The Divine Comedy Purgatory Canto I, lines 71-72

Freedom from Time
When we consider the concrete expression of freedom, its visible manifestation and our mind goes to the many rights that guarantee freedom: freedom of speech, of press, of assembly and association, freedom to petition government and even to keep and bear arms. But these forms of freedom, coming from the outside world, from government or from others, cannot give us a real freedom. Real freedom comes from getting rid of limits and obstacles. It is a freedom from. Firstly, it is freedom from the prison of time. We cannot be in anxiety, devoured by time, and be under the tyranny of plans and programs, and be happy. Making plans is a primitive substitute for intelligence. If there is intelligence, there is no need to plan. Shut out logic, reason and planning! Close your eyes and open yourself up to intuition. The world is still waiting before you to be created.

Freedom from roles
Above all, we believe in roles. We believe ourselves to be teachers, managers, fathers, mothers, lovers. We think that this is the most natural thing, and the only way to live. We become prisoners of our roles. They become traps. We can play a role, and we can enjoy and have fun acting the role, but we cannot become it, or identify with it, if we want to be free and happy. It is as crazy as an actor who refuses to take off his mask and costume, believing himself to be the character that he is interpreting on the stage and believing that the theatre is his life. From this viewpoint, mankind is all mentally insane, and locked up in the self-created prison of roles. To create happiness, you also need a solid set of values and principles, a map, an escape plan, and somebody who has previously escaped from prison before you. You need a School of Being. Your Being is like a badly managed shop – the Dreamer observed me pitilessly − with articles priced at random:those things which are of great value you sell cheaply, but the junk has ridiculously high price tags. To keep on like this means certain failure…».

Dare to Be Free
To be free also requires the abandonment of dependence and any form of slavery. The main obstacle to our freedom is the illusory belief that there is an external world to depend upon, a separate reality which conditions our existence, and which can decide our destiny. Dare to be Free! Look inside and dare to flush out the obstacles to your happiness, the lies, the false ideas, the fear, the identification with roles, the common belief that there is a world out there to depend upon.

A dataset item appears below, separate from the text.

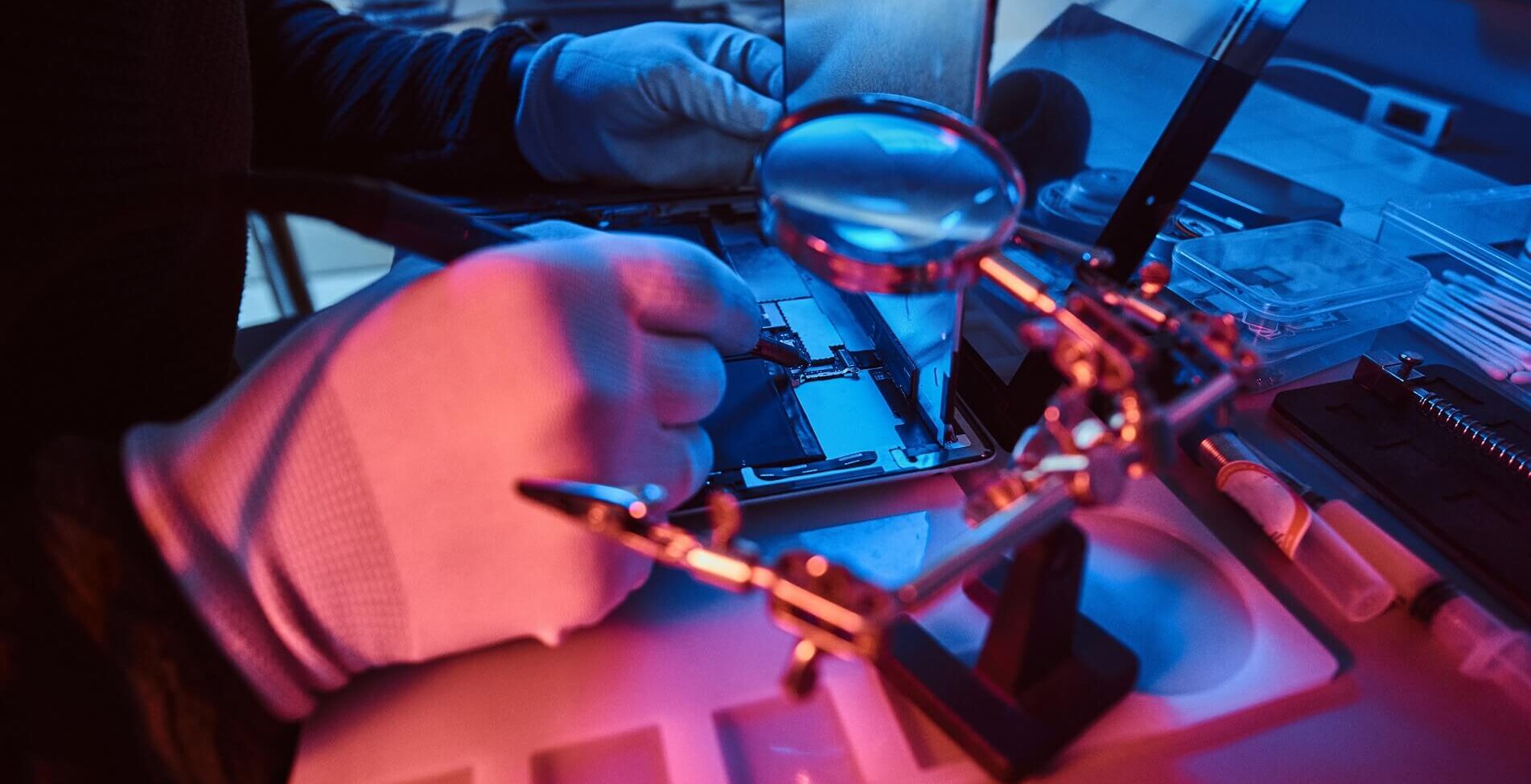 How to Use Instagram Favourites and Customise Your Feed the technician repairs a broken tablet computer in 2021 08 28 03 10 42 utc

When you, through hard work on yourself, finally get rid of all this ballast, when you are free from every form of dependence, free from time, and from frictions and inner conflicts, you will realize that unhappiness does not exist except in your negative imagination.

Luminous selfishness
After reading this article you should know why the expression “to find happiness” should be banned. Happiness cannot be found, but must be built and encoded in the fibres of our being – cell-by-cell, atom after atom. It is a solitary endeavour. Can we say then that happiness is a selfish sentiment? An individual who loves himself inside, who can intentionally access that state of inner freedom that we call happiness, and has successfully achieved the capacity to command happiness at will, without depending upon anybody or any thing, is a precious cell of humanity. When you reach happiness intentionally, you know that you have done for others more than an army of philanthropists and hundreds of humanitarian organizations. A happy man, a man who is free, spreads health and wealth 360° around and creates the conditions for others to forge their happiness in life. Happiness is Economy and also in the business world, as a visionary leader, he can achieve things that ordinary men hardly conceive and hurriedly set aside classifying them as ‘impossible’.